I think I rather just redefine the QSLOG macros to use Qt inbuilt logging system and make the build stable again. see http://doc.qt.io/qt-5/debug.html

Qt's inbuilt system doesn't provide file logging AFAIU, unless it has changed and was the original reason APM Planner 2.0 uses QSLOG

AndKe commented 8 years ago

@billbonney - logging to file is less important, log rotation have "always" been broken, and current log is overwritten on AP2 start anyway. Logging to stdout is what we usually look at anyway, and if file logging is desired, I could always use tee command to duplicate output to file.. I guess osx people can do it too. So "yes" , skipping QSLOG is one way around it. There is however one tiny, scary part, - if we assume QSLOG itself is not buggy (https://github.com/ArduPilot/apm_planner/issues/941#issuecomment-219307185) - but something else is corrupting it, -will something else be corrupted if we replace QSLOG ? I do suspect there is something very strange somewhere, had two freelancers to look at https://github.com/ArduPilot/apm_planner/issues/646 - and it's a mystery to them as well.

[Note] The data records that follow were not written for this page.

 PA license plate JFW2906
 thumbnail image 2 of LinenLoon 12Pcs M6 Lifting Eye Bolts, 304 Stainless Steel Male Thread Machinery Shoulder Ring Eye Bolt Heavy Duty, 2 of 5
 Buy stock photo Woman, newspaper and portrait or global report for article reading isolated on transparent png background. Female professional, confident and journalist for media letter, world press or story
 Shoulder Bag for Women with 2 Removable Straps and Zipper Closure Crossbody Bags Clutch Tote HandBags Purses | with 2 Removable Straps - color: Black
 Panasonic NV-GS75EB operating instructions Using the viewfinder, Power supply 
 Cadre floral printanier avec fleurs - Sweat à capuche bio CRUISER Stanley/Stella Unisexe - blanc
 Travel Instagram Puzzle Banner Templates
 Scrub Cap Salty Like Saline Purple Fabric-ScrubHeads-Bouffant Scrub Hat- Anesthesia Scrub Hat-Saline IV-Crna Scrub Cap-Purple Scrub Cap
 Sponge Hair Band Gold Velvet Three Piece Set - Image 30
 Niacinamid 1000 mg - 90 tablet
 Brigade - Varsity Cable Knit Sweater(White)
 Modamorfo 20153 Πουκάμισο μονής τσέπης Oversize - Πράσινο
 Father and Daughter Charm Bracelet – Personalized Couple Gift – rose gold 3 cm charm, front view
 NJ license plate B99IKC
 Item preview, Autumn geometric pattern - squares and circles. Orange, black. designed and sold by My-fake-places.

BTW: Loading AP2 with no widgets does not affect the logging problem.

Arne-W commented 8 years ago

Hi all, I removed the QsLog call here and replaced it by a direct call to fprintf() using the same time stamp creation used in QsLog and it does not crash any more when loading the log. I will have a closer look at QsLog again. If someone wants to verify checkout this branch: https://github.com/Arne-W/apm_planner/commits/Logging_Tests Also replacing QLOG_ERROR() with a qWarning() call at the same place works too.

dcarpy commented 8 years ago

@Arne-W Nice! I'll check it out.

Arne-W commented 8 years ago

@dcarpy if you want to test the fprintf() version you will have to use this commit: Arne-W/apm_planner@2e19fd6e7c31314abdbbabcba8a391fee78d4231 as I will push some more test commits to this branch.

AndKe commented 8 years ago

@Arne-W Logging_Tests

EDIT: the crash was unrelated - the fprintf() works fine. - created a new issue for that .

Arne-W commented 8 years ago

@AndKe very good - as I have only replaced the lines were the Corrupt data read: Time is not increasing..... text is generated the crash afterwards is also triggered through the logging when populating the graph with the mode events. If you want to test some more - I have pushed a new commit to the Logging_Tests branch which changes the the fprintf() call to a slightly modified QsLog helper call which does not print in the DTOR but by an explicit call. Its this one Arne-W/apm-planner@59981c74d38d238f2a622560bf7365b15ca16430 Moreover you can use this branch. I have patched the QsLog macros to use the Qt internal logging system bypassing nearly all QsLog code. This branch should not crash anymore, but logging has no timestamp.

AndKe commented 8 years ago

@Arne-W https://github.com/Arne-W/apm_planner/commits/Replace_QsLog_Test works fine.

Arne-W commented 8 years ago

Seems that we have a simple workaround for this issue - very good - so we have more time to investigate the "real" problem. @billbonney Perfect Idea just to redefine the QsLog Macros. Shall I make a PR for that - I think it should not be such a fast hack like my actual branch. I did some more tests and I am in doubt that it is only apm-planner related. The fact that patching the QsLog macros made the problem go away makes me wonder. I have an uneasy feeling about the logging helper and the logwriting in the DTOR see here. It seems get a bit more stable (crashes too but later, I think) with my hack mentioned above (Arne-W/apm-planner@59981c74d38d238f2a622560bf7365b15ca16430)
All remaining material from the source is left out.